Here and now - Mihai Duțescu

Thematic dossier

arh. Mihai DUȚESCU
Here and now

Adrian Spirescu: Architecture has always superimposed/condensed data about place, beneficiary, architect, tradition. These data come from education/school of architecture and are also present in projects/built work. They constantly converge/aspire towards formal/functional perfection.
M.D.: It's a hard ball you're throwing at me, but I'll try to give an answer as relevant as possible to the way I now relate to architecture.
Why do I say that? Because my relationship with this profession - and, in a broader sense, with its fundamental issues, beyond the actual practice - this relationship, therefore, periodically undergoes nuances. These are due to general changes (professional, socio-economic, legislative context), then to those in my immediate vicinity, superimposed on changes within myself (age, cultural accumulations and interests, pragmatic interests, personal, family priorities, etc.). So, as you can see - and as I am sure you are well aware - we do not remain the same architects from the beginning to the end of our careers. As a matter of fact, I find it hard to understand how some famous architects manage to be consistent with the same principles for years, decades, the same language, without deviating in the slightest from their "own brand" and, above all, without getting bored of this work practiced for big money and in the most predictable way possible.
I don't have a private label.
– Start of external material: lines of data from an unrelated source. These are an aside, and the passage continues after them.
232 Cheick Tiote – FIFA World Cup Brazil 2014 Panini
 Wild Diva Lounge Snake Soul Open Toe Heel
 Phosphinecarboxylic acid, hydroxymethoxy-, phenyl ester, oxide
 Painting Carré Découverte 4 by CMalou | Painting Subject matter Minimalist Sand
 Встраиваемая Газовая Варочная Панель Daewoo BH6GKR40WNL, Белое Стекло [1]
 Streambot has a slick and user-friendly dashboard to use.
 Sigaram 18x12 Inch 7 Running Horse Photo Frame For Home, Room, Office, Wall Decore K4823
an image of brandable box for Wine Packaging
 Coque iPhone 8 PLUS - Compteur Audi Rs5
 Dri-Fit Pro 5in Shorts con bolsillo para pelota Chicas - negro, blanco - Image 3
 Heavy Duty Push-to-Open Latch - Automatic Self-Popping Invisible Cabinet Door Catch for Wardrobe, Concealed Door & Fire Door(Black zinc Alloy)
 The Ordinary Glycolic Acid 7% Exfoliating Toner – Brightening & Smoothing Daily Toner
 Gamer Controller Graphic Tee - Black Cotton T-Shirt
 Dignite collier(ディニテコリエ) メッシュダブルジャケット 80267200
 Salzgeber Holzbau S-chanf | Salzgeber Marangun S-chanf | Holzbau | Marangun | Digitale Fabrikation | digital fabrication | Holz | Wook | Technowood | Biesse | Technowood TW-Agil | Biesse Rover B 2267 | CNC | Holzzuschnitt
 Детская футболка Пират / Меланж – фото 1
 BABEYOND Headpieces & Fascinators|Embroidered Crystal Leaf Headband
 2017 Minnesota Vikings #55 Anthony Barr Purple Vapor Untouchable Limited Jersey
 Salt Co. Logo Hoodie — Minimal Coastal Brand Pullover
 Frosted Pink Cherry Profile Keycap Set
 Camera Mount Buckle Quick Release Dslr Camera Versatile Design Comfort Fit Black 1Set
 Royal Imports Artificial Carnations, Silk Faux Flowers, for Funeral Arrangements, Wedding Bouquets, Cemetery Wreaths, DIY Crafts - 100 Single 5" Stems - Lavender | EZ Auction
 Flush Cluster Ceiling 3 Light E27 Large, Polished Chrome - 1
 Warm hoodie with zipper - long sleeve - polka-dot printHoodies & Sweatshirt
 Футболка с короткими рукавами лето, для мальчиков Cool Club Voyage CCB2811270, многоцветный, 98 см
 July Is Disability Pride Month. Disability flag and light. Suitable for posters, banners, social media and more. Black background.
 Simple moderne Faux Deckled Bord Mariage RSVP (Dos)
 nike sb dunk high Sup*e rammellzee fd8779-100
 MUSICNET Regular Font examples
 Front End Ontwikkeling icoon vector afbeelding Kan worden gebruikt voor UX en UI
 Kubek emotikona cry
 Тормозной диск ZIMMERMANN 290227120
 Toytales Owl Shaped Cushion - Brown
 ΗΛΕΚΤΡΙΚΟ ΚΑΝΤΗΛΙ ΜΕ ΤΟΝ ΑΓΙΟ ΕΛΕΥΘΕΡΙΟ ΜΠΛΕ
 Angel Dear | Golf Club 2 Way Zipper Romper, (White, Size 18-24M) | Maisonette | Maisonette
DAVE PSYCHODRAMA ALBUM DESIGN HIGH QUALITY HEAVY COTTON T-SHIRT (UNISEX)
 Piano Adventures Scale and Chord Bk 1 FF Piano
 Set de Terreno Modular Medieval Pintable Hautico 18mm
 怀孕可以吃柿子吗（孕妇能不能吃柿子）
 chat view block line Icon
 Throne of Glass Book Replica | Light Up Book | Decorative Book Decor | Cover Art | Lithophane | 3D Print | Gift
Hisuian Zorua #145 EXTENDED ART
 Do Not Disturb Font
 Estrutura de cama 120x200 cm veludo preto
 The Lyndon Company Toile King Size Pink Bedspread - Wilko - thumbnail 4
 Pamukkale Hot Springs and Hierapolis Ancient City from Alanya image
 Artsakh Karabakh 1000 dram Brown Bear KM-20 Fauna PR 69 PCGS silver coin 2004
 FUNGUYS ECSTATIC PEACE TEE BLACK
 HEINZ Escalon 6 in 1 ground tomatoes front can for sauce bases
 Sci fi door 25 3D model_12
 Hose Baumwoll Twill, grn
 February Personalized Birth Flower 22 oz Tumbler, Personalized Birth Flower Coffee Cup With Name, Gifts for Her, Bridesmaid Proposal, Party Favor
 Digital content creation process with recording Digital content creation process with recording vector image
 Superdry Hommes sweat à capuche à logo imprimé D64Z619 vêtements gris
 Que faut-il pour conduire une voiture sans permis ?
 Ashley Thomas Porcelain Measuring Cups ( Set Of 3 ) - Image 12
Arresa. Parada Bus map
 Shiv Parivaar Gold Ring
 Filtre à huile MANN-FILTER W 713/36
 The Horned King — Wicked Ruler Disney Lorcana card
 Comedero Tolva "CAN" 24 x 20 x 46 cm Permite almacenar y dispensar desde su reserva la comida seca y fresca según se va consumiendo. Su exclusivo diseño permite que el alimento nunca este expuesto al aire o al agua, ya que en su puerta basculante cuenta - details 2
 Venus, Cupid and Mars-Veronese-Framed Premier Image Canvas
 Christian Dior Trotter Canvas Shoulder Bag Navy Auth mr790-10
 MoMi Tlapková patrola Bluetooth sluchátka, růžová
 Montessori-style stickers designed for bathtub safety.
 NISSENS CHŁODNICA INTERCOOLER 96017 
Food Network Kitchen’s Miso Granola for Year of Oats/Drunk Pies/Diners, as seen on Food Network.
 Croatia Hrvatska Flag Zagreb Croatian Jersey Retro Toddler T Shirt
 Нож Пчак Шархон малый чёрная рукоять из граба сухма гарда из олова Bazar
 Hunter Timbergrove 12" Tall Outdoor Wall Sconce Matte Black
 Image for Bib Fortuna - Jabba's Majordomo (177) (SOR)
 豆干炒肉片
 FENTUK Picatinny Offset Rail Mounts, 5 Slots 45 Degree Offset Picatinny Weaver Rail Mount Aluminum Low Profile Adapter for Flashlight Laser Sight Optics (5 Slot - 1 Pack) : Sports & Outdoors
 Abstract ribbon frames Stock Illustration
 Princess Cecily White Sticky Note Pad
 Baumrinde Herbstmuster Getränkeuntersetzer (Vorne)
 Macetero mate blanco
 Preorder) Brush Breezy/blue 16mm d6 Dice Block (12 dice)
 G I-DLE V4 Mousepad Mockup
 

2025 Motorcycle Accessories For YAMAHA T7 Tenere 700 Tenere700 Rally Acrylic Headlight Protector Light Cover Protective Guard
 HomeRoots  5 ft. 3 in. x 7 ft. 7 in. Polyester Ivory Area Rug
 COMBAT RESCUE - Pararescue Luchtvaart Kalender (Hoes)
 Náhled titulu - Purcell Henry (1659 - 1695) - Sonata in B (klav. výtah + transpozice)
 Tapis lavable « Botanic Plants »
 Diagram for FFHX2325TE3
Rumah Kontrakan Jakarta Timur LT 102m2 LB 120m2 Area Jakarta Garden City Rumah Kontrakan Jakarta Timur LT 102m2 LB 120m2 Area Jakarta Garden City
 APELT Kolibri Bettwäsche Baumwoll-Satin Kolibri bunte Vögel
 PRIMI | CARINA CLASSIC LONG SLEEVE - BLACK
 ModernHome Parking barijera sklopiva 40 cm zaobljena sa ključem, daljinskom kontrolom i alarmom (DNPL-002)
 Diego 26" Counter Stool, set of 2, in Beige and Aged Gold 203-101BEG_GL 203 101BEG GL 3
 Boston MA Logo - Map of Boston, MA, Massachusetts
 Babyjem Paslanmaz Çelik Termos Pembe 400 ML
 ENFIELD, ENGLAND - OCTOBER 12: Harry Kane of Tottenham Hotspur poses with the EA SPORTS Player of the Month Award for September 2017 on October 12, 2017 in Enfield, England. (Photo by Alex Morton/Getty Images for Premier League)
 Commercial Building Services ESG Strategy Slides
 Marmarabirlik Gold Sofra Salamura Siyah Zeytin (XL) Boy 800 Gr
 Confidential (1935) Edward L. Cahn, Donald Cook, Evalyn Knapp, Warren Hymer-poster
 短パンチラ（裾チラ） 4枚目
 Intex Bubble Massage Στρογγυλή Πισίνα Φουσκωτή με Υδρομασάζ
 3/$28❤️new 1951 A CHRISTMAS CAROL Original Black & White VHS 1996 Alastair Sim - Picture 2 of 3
Even when I was a student and had maximum freedom in my projects, I didn't find it interesting - or ethically justified - to self-brand myself.


What's more, I consider "intelligent versatility" a quality in architects, as is the very attribution of a somewhat anonymous character to the project - something totally opposed to "signature architecture" anyway. The works I present here represent about 5% of the total volume (including unbuilt projects - most of them, in fact). Selected would be the ones that worked best for me - both in the sense of design, but especially in the sense of execution. In other words, the ones where, to put it very simply, I got lucky. But I believe that I have the ability (acquired by will, by necessity in the Romanian context) to work coherently in different formulas, more or less congruent between them. A possible common denominator would be honesty - towards the location, towards the client, towards spatial logic, towards functional relations, etc. - but very rarely all these criteria converge towards the perfection you were talking about.


As far as I am concerned, so far I haven't achieved even a shred of that perfection, not even in my drawer projects, being prey to thousands of attacks from all sides, which make a project move further and further away from the initial idea as it develops. I hope that this doubting tone, this bitter and rather predictable wisdom that I have arrived at after 15 years of working on my own in Romania, will not discourage anyone who is at the beginning of the road, here and now. Because it is something that is strictly related to the here and now, and that is predominantly my subjective experience.
But with the effort and honesty that I was talking about earlier from each of us, things will certainly change for the better.